**DATA UNDER STUDY**
________________________
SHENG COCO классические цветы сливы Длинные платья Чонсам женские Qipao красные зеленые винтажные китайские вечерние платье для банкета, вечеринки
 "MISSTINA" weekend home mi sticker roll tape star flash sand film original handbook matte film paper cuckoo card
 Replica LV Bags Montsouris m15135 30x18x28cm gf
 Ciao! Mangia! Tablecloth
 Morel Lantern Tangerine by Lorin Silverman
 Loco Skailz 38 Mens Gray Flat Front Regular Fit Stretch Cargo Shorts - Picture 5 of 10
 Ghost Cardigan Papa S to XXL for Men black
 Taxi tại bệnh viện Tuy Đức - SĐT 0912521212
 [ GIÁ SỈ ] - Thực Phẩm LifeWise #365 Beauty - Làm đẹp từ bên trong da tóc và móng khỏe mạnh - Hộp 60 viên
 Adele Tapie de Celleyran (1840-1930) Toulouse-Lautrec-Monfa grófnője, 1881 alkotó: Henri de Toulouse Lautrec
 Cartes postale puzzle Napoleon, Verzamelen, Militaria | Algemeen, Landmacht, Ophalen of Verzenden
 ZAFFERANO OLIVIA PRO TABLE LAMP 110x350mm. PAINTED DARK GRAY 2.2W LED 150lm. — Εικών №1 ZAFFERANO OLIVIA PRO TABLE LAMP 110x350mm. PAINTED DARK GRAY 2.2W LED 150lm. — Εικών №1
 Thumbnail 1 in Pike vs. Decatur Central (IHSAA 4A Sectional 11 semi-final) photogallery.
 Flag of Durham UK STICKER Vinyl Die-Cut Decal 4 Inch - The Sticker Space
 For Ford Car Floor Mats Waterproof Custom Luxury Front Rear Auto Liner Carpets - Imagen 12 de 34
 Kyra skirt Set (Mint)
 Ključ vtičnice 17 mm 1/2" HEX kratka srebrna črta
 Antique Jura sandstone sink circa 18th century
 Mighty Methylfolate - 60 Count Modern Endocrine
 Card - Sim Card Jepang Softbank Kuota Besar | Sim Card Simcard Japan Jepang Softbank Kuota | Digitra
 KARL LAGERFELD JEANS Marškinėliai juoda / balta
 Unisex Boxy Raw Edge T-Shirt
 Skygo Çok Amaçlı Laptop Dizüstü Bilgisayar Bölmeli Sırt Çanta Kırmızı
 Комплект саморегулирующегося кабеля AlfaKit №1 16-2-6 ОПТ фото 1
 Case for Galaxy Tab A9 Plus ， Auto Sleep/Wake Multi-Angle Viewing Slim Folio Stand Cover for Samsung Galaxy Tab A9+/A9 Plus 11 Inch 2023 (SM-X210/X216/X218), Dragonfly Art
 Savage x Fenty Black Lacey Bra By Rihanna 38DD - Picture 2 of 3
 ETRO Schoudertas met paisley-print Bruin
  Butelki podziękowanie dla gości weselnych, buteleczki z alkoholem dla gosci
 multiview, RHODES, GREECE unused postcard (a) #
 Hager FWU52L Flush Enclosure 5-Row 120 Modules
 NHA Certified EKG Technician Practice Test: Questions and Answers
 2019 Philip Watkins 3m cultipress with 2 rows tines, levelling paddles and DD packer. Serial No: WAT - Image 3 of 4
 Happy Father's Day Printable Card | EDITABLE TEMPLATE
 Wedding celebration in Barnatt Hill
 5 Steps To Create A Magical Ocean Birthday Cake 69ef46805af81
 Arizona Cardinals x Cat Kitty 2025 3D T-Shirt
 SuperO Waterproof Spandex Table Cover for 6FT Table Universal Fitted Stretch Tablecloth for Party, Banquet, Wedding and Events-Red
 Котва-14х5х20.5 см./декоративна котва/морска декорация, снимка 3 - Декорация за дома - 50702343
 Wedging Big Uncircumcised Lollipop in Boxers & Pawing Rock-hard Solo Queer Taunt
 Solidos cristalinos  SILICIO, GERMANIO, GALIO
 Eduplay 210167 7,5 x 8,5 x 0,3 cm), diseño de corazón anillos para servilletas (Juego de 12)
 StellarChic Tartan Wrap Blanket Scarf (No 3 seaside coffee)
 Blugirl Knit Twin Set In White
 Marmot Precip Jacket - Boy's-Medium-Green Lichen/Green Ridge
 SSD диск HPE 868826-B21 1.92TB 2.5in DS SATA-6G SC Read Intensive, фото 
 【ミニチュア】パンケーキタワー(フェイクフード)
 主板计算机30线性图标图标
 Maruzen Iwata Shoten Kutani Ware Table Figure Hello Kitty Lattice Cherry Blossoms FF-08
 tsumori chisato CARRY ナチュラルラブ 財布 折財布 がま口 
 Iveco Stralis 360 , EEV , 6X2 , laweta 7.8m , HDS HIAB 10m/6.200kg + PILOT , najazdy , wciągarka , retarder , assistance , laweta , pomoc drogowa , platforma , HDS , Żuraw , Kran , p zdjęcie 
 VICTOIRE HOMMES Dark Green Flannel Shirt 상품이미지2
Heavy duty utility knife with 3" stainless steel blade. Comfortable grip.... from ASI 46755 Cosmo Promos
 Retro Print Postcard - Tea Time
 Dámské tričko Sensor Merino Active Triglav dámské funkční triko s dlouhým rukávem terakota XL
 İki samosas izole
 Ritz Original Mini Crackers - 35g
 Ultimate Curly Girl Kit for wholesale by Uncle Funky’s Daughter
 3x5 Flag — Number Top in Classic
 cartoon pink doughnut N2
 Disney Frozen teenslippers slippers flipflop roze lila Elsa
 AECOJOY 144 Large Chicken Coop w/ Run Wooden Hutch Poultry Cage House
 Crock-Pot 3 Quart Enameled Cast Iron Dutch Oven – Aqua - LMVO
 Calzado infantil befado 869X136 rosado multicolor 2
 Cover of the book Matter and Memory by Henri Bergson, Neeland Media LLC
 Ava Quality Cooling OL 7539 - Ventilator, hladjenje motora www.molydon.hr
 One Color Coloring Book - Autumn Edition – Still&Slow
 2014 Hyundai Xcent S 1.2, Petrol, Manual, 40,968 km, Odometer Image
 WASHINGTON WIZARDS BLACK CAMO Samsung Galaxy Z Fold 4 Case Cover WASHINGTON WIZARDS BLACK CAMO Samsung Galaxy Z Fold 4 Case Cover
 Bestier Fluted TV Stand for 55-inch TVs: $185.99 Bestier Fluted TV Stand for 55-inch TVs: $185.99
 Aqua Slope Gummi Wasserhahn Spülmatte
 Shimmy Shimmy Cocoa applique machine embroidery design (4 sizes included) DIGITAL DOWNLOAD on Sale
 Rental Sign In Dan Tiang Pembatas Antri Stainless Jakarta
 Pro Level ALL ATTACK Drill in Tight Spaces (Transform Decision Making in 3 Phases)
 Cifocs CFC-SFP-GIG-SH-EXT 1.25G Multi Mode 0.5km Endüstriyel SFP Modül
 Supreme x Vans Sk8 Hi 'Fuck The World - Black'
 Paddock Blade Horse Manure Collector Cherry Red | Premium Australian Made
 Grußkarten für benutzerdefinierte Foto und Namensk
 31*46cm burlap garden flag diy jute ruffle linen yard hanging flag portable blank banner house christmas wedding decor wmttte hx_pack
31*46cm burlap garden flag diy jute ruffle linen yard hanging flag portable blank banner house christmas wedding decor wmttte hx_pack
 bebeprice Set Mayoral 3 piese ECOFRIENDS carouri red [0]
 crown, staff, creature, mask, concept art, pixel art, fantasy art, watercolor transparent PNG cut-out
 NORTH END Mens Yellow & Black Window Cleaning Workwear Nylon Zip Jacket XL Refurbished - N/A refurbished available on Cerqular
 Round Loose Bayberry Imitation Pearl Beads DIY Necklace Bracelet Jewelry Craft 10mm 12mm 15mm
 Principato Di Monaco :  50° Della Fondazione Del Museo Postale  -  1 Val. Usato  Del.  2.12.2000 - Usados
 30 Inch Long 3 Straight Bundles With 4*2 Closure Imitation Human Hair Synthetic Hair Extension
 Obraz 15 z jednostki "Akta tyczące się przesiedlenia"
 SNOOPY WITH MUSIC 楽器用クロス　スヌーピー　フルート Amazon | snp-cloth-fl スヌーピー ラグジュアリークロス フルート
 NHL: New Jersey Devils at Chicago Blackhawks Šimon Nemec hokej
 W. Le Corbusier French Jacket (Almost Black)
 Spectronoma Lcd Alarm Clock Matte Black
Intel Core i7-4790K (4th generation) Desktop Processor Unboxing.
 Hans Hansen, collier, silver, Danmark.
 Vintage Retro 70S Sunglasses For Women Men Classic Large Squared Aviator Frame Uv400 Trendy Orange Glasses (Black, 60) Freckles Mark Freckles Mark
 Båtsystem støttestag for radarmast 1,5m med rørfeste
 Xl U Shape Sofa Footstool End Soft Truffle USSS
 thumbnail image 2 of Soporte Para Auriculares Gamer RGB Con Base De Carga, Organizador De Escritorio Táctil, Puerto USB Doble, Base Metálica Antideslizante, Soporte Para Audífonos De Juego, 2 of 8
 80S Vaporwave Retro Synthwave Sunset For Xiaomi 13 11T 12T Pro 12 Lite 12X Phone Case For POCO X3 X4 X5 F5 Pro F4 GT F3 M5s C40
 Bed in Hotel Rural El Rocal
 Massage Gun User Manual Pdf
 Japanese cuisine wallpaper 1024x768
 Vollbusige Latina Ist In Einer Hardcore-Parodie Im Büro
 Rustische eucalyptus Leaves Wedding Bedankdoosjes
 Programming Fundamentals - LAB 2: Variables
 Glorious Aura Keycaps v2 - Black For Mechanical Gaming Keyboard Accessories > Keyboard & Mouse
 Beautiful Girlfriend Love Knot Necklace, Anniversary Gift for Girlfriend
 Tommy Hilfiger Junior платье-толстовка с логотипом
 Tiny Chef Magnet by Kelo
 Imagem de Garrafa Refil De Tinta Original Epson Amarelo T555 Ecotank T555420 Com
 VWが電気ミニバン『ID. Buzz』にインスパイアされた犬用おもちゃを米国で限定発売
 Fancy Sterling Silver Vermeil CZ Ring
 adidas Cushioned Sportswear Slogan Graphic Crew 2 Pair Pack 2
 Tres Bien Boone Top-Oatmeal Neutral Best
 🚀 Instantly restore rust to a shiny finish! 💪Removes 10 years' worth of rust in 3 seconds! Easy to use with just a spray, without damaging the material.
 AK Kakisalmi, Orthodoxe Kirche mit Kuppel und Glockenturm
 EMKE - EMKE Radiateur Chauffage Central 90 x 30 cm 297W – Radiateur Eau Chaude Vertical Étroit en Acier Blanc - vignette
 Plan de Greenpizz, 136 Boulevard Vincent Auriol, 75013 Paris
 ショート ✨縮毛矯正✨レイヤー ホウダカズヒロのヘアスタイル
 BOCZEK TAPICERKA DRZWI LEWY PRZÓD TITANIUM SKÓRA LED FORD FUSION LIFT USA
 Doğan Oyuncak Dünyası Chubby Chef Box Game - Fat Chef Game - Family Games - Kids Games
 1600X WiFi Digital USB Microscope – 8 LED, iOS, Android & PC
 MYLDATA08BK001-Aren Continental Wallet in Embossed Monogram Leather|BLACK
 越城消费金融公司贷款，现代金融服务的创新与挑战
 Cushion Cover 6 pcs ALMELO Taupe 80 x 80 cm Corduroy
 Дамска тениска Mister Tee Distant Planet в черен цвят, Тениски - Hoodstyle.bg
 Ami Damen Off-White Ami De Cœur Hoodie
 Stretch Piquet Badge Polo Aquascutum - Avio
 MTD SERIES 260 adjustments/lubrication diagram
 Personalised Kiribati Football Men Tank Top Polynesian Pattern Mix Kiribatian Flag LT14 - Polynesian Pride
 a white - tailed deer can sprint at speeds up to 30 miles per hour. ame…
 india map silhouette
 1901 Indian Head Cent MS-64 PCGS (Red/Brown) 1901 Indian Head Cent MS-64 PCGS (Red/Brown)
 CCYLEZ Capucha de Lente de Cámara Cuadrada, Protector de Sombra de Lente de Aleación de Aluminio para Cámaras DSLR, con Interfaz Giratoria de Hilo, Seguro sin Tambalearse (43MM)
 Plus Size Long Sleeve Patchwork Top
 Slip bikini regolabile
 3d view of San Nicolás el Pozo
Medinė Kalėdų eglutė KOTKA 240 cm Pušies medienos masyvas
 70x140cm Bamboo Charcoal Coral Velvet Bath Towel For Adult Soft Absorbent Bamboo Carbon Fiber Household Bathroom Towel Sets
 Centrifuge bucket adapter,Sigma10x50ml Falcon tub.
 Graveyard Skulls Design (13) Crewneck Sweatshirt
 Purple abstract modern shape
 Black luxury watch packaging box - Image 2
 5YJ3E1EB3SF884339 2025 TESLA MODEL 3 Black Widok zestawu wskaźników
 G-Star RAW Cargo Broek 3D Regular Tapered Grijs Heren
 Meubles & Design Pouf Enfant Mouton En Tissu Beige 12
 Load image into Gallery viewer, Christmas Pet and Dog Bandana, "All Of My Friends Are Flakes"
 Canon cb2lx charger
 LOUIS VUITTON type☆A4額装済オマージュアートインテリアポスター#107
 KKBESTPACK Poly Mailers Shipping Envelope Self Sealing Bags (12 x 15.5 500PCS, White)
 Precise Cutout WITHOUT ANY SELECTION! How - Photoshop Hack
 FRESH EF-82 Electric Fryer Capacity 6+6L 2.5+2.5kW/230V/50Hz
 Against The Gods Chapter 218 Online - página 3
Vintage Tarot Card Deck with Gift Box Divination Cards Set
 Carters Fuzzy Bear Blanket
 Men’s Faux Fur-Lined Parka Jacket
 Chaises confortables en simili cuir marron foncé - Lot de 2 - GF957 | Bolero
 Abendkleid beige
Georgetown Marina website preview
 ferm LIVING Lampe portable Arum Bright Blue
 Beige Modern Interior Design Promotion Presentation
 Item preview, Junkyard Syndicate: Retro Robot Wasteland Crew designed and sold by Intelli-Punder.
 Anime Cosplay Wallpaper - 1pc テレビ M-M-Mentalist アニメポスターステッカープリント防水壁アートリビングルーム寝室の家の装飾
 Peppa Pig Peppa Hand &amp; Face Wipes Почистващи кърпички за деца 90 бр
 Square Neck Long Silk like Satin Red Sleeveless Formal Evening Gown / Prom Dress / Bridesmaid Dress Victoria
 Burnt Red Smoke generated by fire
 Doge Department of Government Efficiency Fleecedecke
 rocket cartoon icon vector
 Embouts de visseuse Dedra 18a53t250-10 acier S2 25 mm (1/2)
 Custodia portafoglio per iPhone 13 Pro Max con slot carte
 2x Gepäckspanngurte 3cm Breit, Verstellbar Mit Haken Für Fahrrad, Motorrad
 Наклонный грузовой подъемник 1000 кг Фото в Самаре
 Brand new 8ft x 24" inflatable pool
________________________
**AIM OF THE TASK**
In the data above, find the line with "越城消费金融公司贷款，现代金融服务的创新与挑战" and the line with "Item preview, Junkyard". Retype both, plus every line between them, exactly.

**RESULT OF THE TASK**
 越城消费金融公司贷款，现代金融服务的创新与挑战
 Cushion Cover 6 pcs ALMELO Taupe 80 x 80 cm Corduroy
 Дамска тениска Mister Tee Distant Planet в черен цвят, Тениски - Hoodstyle.bg
 Ami Damen Off-White Ami De Cœur Hoodie
 Stretch Piquet Badge Polo Aquascutum - Avio
 MTD SERIES 260 adjustments/lubrication diagram
 Personalised Kiribati Football Men Tank Top Polynesian Pattern Mix Kiribatian Flag LT14 - Polynesian Pride
 a white - tailed deer can sprint at speeds up to 30 miles per hour. ame…
 india map silhouette
 1901 Indian Head Cent MS-64 PCGS (Red/Brown) 1901 Indian Head Cent MS-64 PCGS (Red/Brown)
 CCYLEZ Capucha de Lente de Cámara Cuadrada, Protector de Sombra de Lente de Aleación de Aluminio para Cámaras DSLR, con Interfaz Giratoria de Hilo, Seguro sin Tambalearse (43MM)
 Plus Size Long Sleeve Patchwork Top
 Slip bikini regolabile
 3d view of San Nicolás el Pozo
Medinė Kalėdų eglutė KOTKA 240 cm Pušies medienos masyvas
 70x140cm Bamboo Charcoal Coral Velvet Bath Towel For Adult Soft Absorbent Bamboo Carbon Fiber Household Bathroom Towel Sets
 Centrifuge bucket adapter,Sigma10x50ml Falcon tub.
 Graveyard Skulls Design (13) Crewneck Sweatshirt
 Purple abstract modern shape
 Black luxury watch packaging box - Image 2
 5YJ3E1EB3SF884339 2025 TESLA MODEL 3 Black Widok zestawu wskaźników
 G-Star RAW Cargo Broek 3D Regular Tapered Grijs Heren
 Meubles & Design Pouf Enfant Mouton En Tissu Beige 12
 Load image into Gallery viewer, Christmas Pet and Dog Bandana, "All Of My Friends Are Flakes"
 Canon cb2lx charger
 LOUIS VUITTON type☆A4額装済オマージュアートインテリアポスター#107
 KKBESTPACK Poly Mailers Shipping Envelope Self Sealing Bags (12 x 15.5 500PCS, White)
 Precise Cutout WITHOUT ANY SELECTION! How - Photoshop Hack
 FRESH EF-82 Electric Fryer Capacity 6+6L 2.5+2.5kW/230V/50Hz
 Against The Gods Chapter 218 Online - página 3
Vintage Tarot Card Deck with Gift Box Divination Cards Set
 Carters Fuzzy Bear Blanket
 Men’s Faux Fur-Lined Parka Jacket
 Chaises confortables en simili cuir marron foncé - Lot de 2 - GF957 | Bolero
 Abendkleid beige
Georgetown Marina website preview
 ferm LIVING Lampe portable Arum Bright Blue
 Beige Modern Interior Design Promotion Presentation
 Item preview, Junkyard Syndicate: Retro Robot Wasteland Crew designed and sold by Intelli-Punder.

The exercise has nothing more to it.